Brian Ferneyhough lance un défi à l'opéra dans "Shadowtime"

LE MONDE | 30.10.04 | 15h44

A Nanterre, un essai d'art lyrique par le compositeur radical anglais.


Né en 1943, Brian Ferneyhough, qui vient d'écrire un opéra, Shadowtime, donné au Théâtre des Amandiers de Nanterre le 26 octobre, dans le cadre du Festival d'automne, appartient à une génération et plus encore à un mouvement artistique qui ont systématiquement fait table rase du passé. Or il n'existe pas de genre plus chargé de conventions que celui de l'opéra.

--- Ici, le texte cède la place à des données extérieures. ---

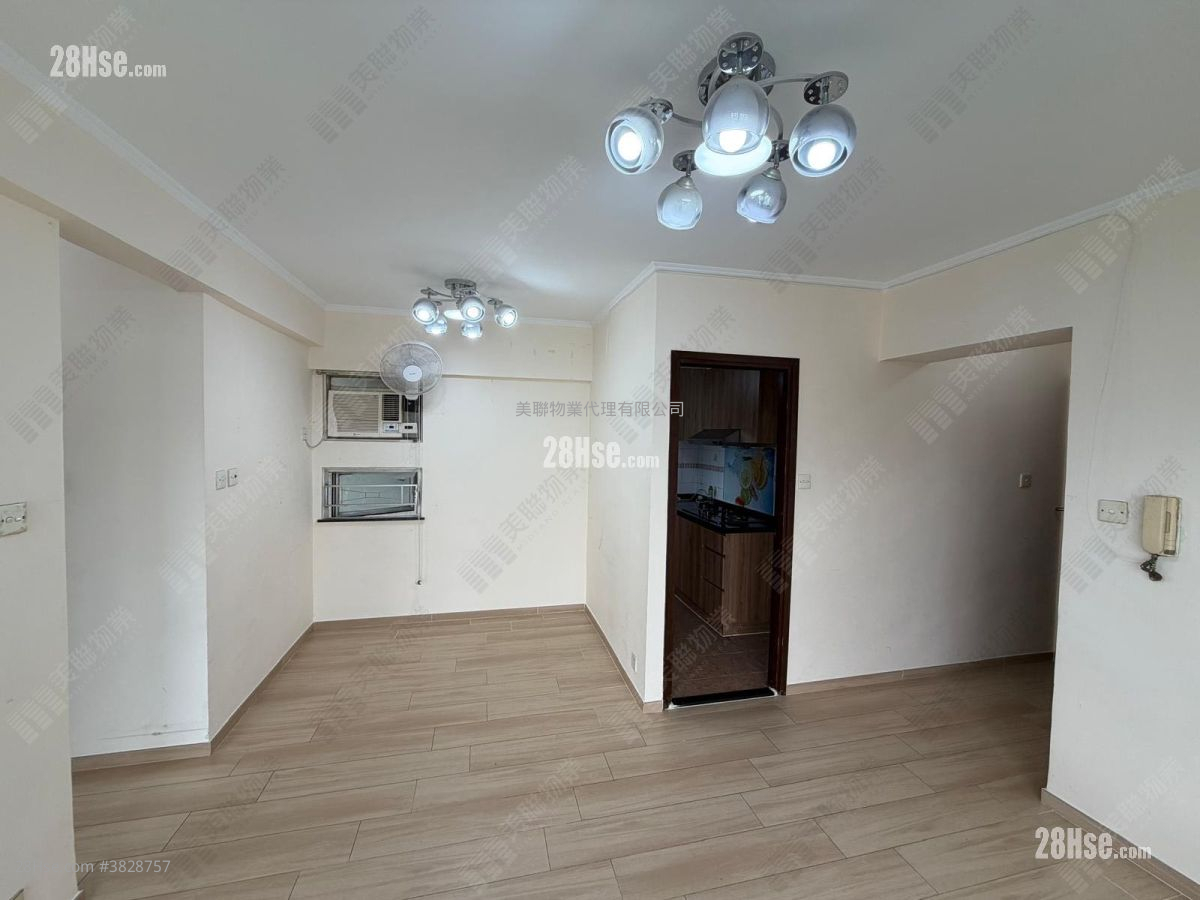 慧豐園 售盤 2 房 , 1 浴室 499 平方呎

A la différence de Helmut Lachenmann - son alter ego dans la complexité et la radicalité -, qui désignait son essai d'art lyrique, La Petite Fille aux allumettes, par l'appellation de "musique avec images", Brian Ferneyhough ne récuse pas le terme d'opéra pour Shadowtime. Il traite même son sujet - la vie et l'œuvre du philosophe Walter Benjamin - en recourant à sept scènes très typées.

A l'instar d'Alban Berg dans Wozzeck, Brian Ferneyhough articule chaque phase du livret sophistiqué du poète américain Charles Bernstein à partir d'un procédé d'écriture plus ou moins ancien : quolibet, motet, canon, fugue... Un tel travail n'est accessible que par une minutieuse analyse de la partition. Le compositeur anglais confie presque tous les rôles (de l'anonyme aubergiste au pape Pie XII en passant par Jeanne d'Arc, Hitler, Groucho Marx et Karl Marx) aux solistes d'un chœur régulièrement rassemblé à l'antique. Seuls se détachent le personnage-clé (Benjamin, jouet d'une fatalité onirique) et le narrateur (version britannique de Monsieur Loyal).

Comme d'habitude, la musique de Brian Ferneyhough oscille entre pointillisme précieux et tachisme frénétique. Il arrive qu'une page émerge du lot. C'est le cas d'un phonétique Motetus absconditus (vraie signature du compositeur !) chanté a cappella ou d'un humoristique Opus contra naturam (au titre encore très révélateur) de pianiste-récitant à Las Vegas. Le plus souvent, comme lors de la deuxième scène aux allures de concerto de guitare, la représentation se révèle inutile, sinon impossible.

Brian Ferneyhough part battu dans le défi à l'opéra. Frédéric Fisbach évacue alors toute forme d'illusion dans une mise en scène qui devient, in fine, plus efficace en montrant l'envers du décor, les machinistes et les coulisses qu'en manipulant (pendant deux heures dix sans entracte) des poupées de chiffon grandeur nature.

Pierre Gervasoni

Festival d'automne à Paris. Shadowtime (création française). Musique de Brian Ferneyhough sur un livret de Charles Bernstein. Mise en scène de Frédéric Fisbach. Avec Nicolas Hodges (narrateur, piano), Mats Scheidegger (guitare), Ekkehard Abele (Walter Benjamin), Neue Vocalisten Stuttgart, Nieuw Ensemble Amsterdam, Jurjen Hempel.
Théâtre Nanterre-Amandiers, le 26 octobre.